То, что поначалу показалось гортанным смехом, быстро перешло в пугающее бульканье и в приступ мокрого кашля.

— Не многовато ли ты выпил?

— Выпивки много не бывает. Давай, веди меня. Говорю же, моя лошадь встала на дыбы.

Мак проскользнул вверх по лестнице и встал в тени на втором этаже, как ему было сказано.

— Они, блядь, кланяются мне! — повторял Бакнер, медленно и мучительно поднимаясь. Дарра держала его под локоть. Охранники, как и говорила Дарра, остались в предыдущей комнате. — …относятся ко мне, как к королевской особе! У меня есть лошадь, которая сделала меня королем!

— И верно, какой король обходится без хорошего коня? Смотри под ноги, Джайлс. Ты давненько нас не удостаивал своим присутствием. Я так рада, что ты… как бы сказать… снова в седле.

Он снова засмеялся, забулькал и закашлялся.

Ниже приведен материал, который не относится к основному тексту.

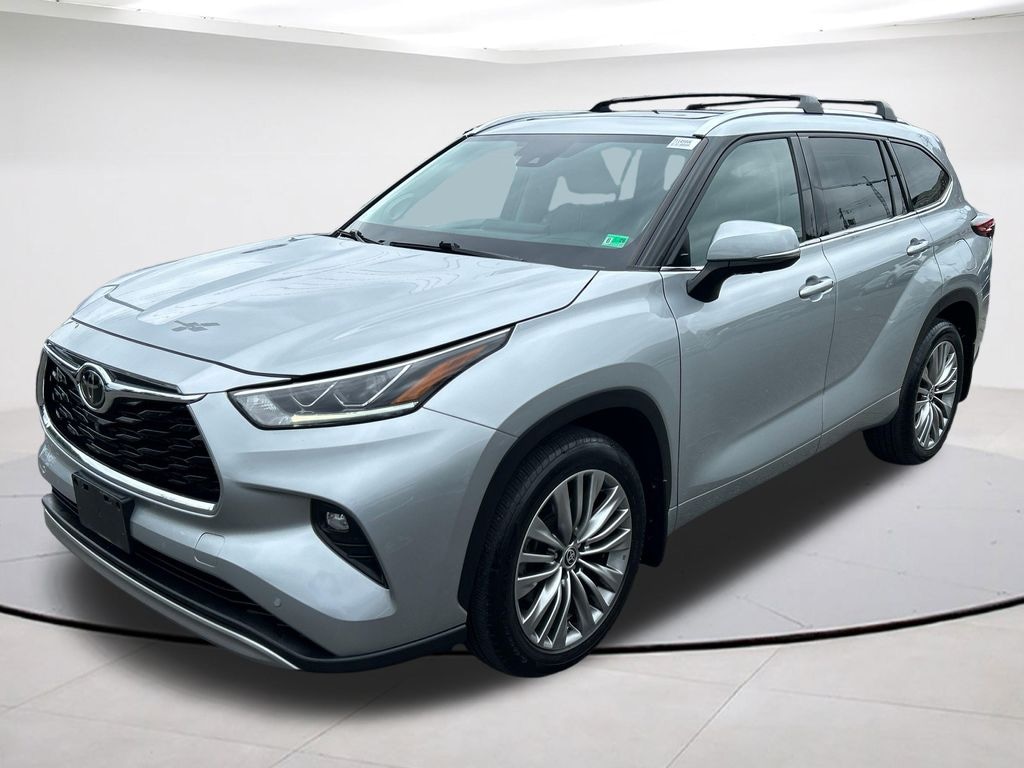 Used 2021 Toyota Highlander Platinum SUV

И вот они уже замерли у двери в комнату Дженни.

— Она хорошенькая? — спросил он с легкой дрожью в голосе.

— Она великолепна, — последовал ответ. — Как прекрасная лампа, готовая зажечься и распространить свет любви. Заходи, Джайлс. У вас будет столько времени, сколько вы захотите.

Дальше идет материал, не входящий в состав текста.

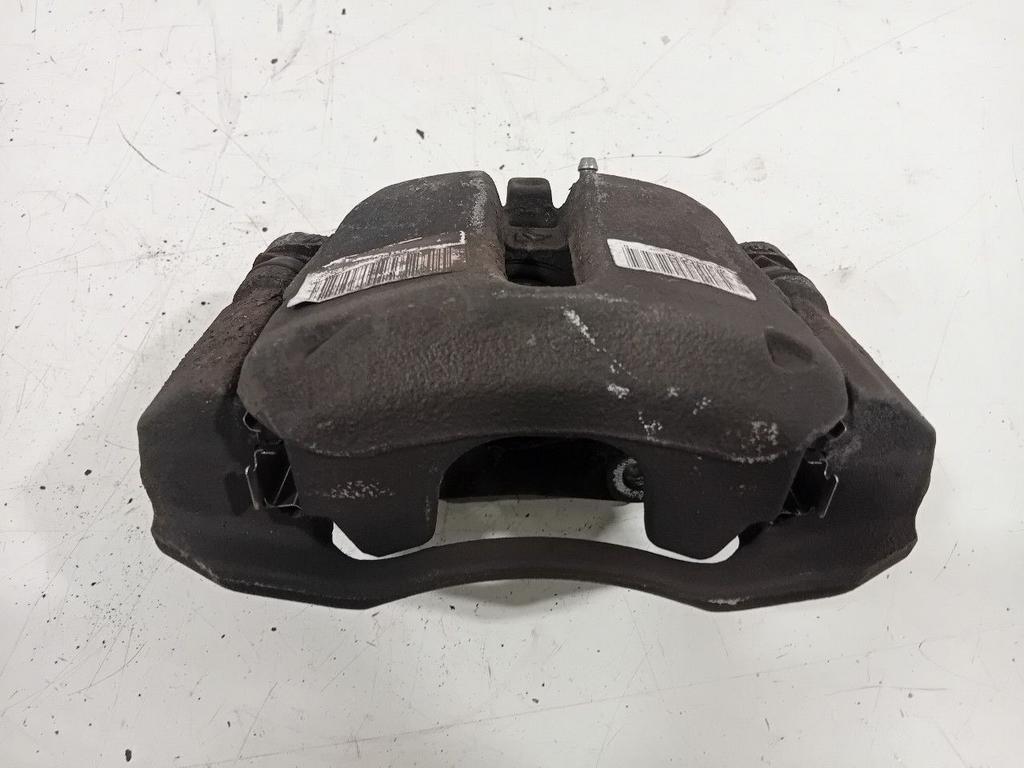 Remklauw links voor Peugeot 2008, Onderdelen@venauto.nl, Van der Ven Autorecycling B.V., Gebruikt, Ettenseweg 76, 4706 PB Roosendaal, The Netherlands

Он вздрогнул от возбуждения. Прежде чем войти, он сказал:

— Ты знаешь… я прошел… очень трудный путь.

— Иди туда и забудь обо всем этом, — сказала она и с материнской нежностью коснулась его изувеченного плеча.

Бакнер открыл дверь и, войдя в комнату, закрыл ее за собой.

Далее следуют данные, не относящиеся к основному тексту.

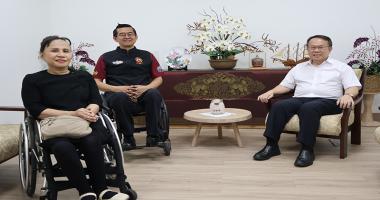 นายกฤษนะ ละไล ประธานมูลนิธิอารยสถาปัตย์เพื่อคนทั้งมวล เข้าพบและอวยพรปีใหม่แก่ผู้อำนวยการบริหาร ศพอ.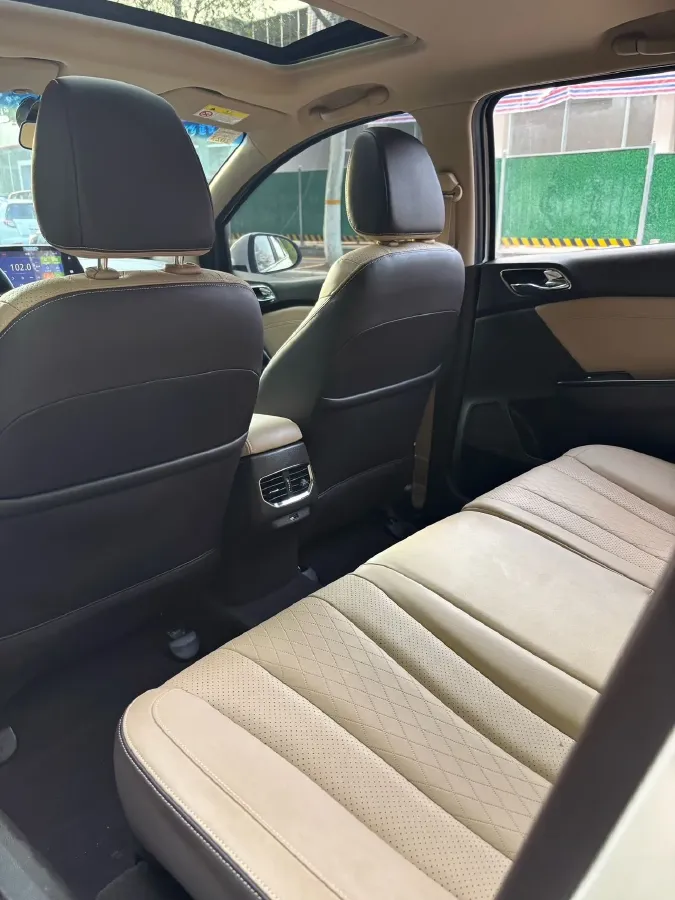 2019 BaoJun 510 1.5L 99HP L4 6MT,autocango,china used car exporter,china ev exporter,chinese used car exporter,chinese used ev exporter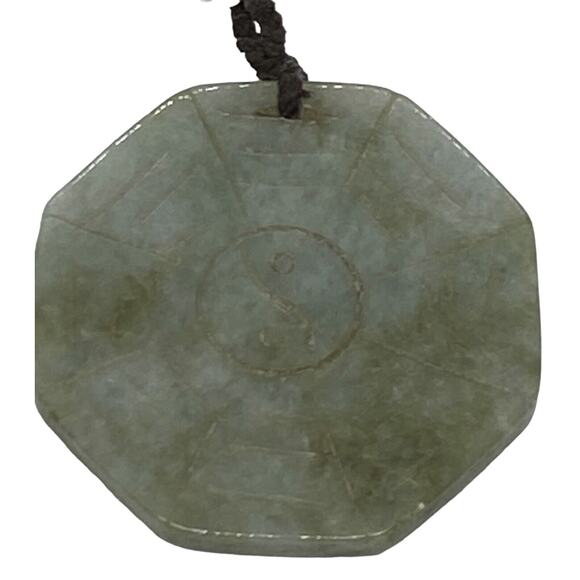 White Glass Bead 22" Necklace Green Nephrite Jade Carved Octagonal Pendant China - Picture 5 of 16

Дарра спустилась вниз, не взглянув на Мака. Он остался ждать.

Узнает ли Бакнер, кто лежит в этой кровати? Со всей этой пудрой и румянами на лице… с огненно-рыжим париком из тысячи локонов… с затемненными глазами. И сможет ли что-то в сломленной дочери распознать это существо, раздевающееся, чтобы овладеть ею?

Боже, нет.

Маку не пришлось долго ждать. Он услышал, как Бакнер вскрикнул так, словно не испытывал сексуального наслаждения уже сто лет. Примерно через десять минут дверь открылась, и толстобрюхий титан, спотыкаясь, вышел в коридор со своей треуголкой в руке.

Мак позволил ему добраться до верха лестницы и спуститься на две ступеньки. Свободная рука мужчины железными тисками вцепилась в перила. Затем Мак заговорил из своей тени:

— Она тебе понравилась?

Бакнер остановился и посмотрел в сторону Мака. Мог ли он видеть его сквозь свои толстые полуопущенные веки?

— Кто здесь?

— Я спрашиваю: она тебе понравилась?

— Кто со мной говорит?

— Просто ответь на вопрос. Она тебе понравилась? Наша Дженни.

— Хорошая ебля. Даже напрягаться долго не пришлось. Так кто там?

— Я, я и только я. — Мак вышел из тени в зеленый свет лампы. — И я просто хотел убедиться, что тебе понравилась наша Дженнифер.

— Наша… Дженнифер. Кто… кто ты, блядь, такой?!

— Я дьявол, — сказал Мак. — Иначе известный как Маккавей ДеКей. Сын Рубена. Скорбящий по Немезиде похититель нашей дорогой милой Дженнифер.

На несколько секунд мир сделался неподвижным и безмолвным. Затем тело Бакнера затряслось, словно в приступе. Он издал звук, похожий на гудок корабля, затерянного в ночи, его голова запрокидывалась все выше, выше и выше, рот растягивался, глаза напрягались. Треуголка выпала из его руки; другая рука дернулась и заплясала на перилах. Он схватился за сердце, и в этот момент Мак увидел, как кровь отхлынула от лица Джайлза Бакнера. Он с хрипом утопленника упал вперед, кувыркаясь при падении, ударяясь головой о ступени. Его руки и ноги трепетали и плясали в воздухе, тело превратилось в кучу катящегося мусора, остановившегося внизу перед выбежавшими на шум телохранителями. Мак снова отступил в тень, где замер, тяжело дыша.

Напряжение… похоже, оказалось слишком сильным для бедного Джайлса! Было ошибкой приглашать его, но… кто знал, что он настолько слаб? — объяснялась Дарра с телохранителями.

***

— Я хочу, чтобы ты, — сказала Дарра Маку в разгаре марта, — подумал о своем будущем. Я не требую от тебя решения ни сегодня, ни завтра. Мне нужен советник. Ты соответствуешь всем требованиям, и я могу заверить тебя, что тебе будут великолепно платить и всячески тебя вознаграждать. Подумай об этом, хорошо?

Мак не дал немедленного ответа. После смерти «джентльмена» Джайлза Бакнера он понял, что прошел свою собственную точку невозврата. Ненависть, которую он испытывал к Бакнеру, не была очищена — она лишь обратилась внутрь, на самого себя.